Il principio su cui l’indicatore si basa è lo stesso della mirror analysis di customer satisfaction, di cui già si è detto in precedenza.
L’immagine aziendale interna (internal corporate image) è un mix comunicativo implicito ed esplicito che ogni organizzazione attiva al suo interno e nei confronti del mercato.
L’importanza di questo asset intangibile risiede nei tre seguenti fattori.

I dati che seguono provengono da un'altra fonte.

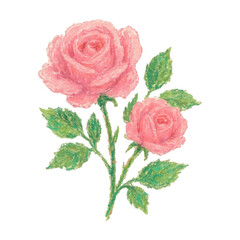 Obraz premium PNG Delicate pink roses painting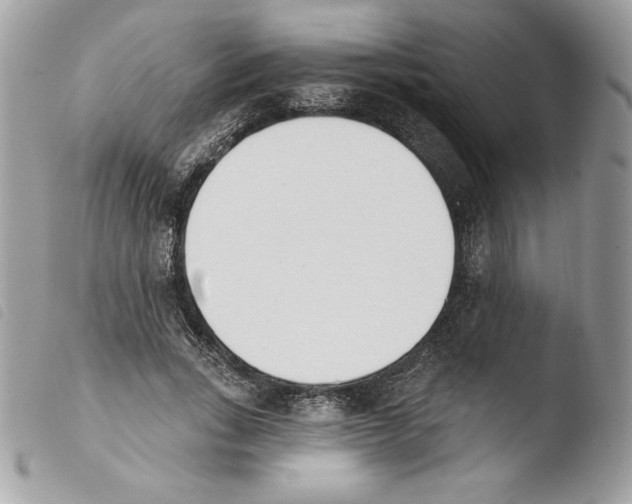 X0000103930735200810171751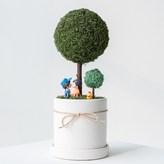 02_모스그린 × 1개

  1. Esprime il grado di fondatezza e di solidità dell’immagine esterna. Una convergenza tra l’immagine che hanno i collaboratori dell’azienda in cui operano e quella dei clienti sul mercato conferma che la comunicazione è stata efficace e che le attese del mercato e del personale nei confronti dell’impresa sono coerenti con ciò che essa può offrire. La mancanza di una sintonia tra le due percezioni è un segnale di debolezza e di fumosità dell’immagine esterna. Ciò significa che la corporate image si basa più sulla pubblicità che su una reale differenziazione dai concorrenti riconosciuta dagli stakeholder.
  2. Rappresenta una misura del grado di attrazione dei propri collaboratori, nel senso che l’immagine interna, unita con l’employee satisfaction index, segnala una misura della capacità dell’azienda di attrarre i suoi dipendenti. Una tale immagine è manifestazione di vitalità aziendale e di stabilità del capitale intellettuale.
  3. Evidenzia i principali giudizi critici da superare e le lacune da cancellare. Le aziende, per sedurre nuovi clienti, commissionano, oltre a indagini della propria immagine sul mercato, anche quelle di benchmarking con i principali concorrenti e i leader del settore. Il confronto con i risultati delle altre aziende evidenzia i punti deboli dell’azienda riconosciuti dal mercato e le eventuali carenze da colmare.

 


8. Conclusioni

Obiettivo di questo mio contributo (vedi anche “Il capitale intellettuale in azienda: misurazione e classificazione degli asset intangibili”, nella stessa rivista) è di dimostrare che parlare di capitale intellettuale non è un mero esercizio retorico, o una pratica per dare lavoro a uomini del personale e consulenti: si tratta invece di un argomento di rilevanza strategica e di contenuti trasversali, su cui grandi aziende internazionali hanno sempre di più focalizzato la loro attenzione negli ultimi anni. Conoscere i principali elementi di questo approccio metodologico e culturale risulta sicuramente importante per tutti coloro che vogliano lavorare al di fuori e al di là di schemi tradizionali spesso inadeguati e non più rispondenti alle esigenze e alle logiche dei mercati.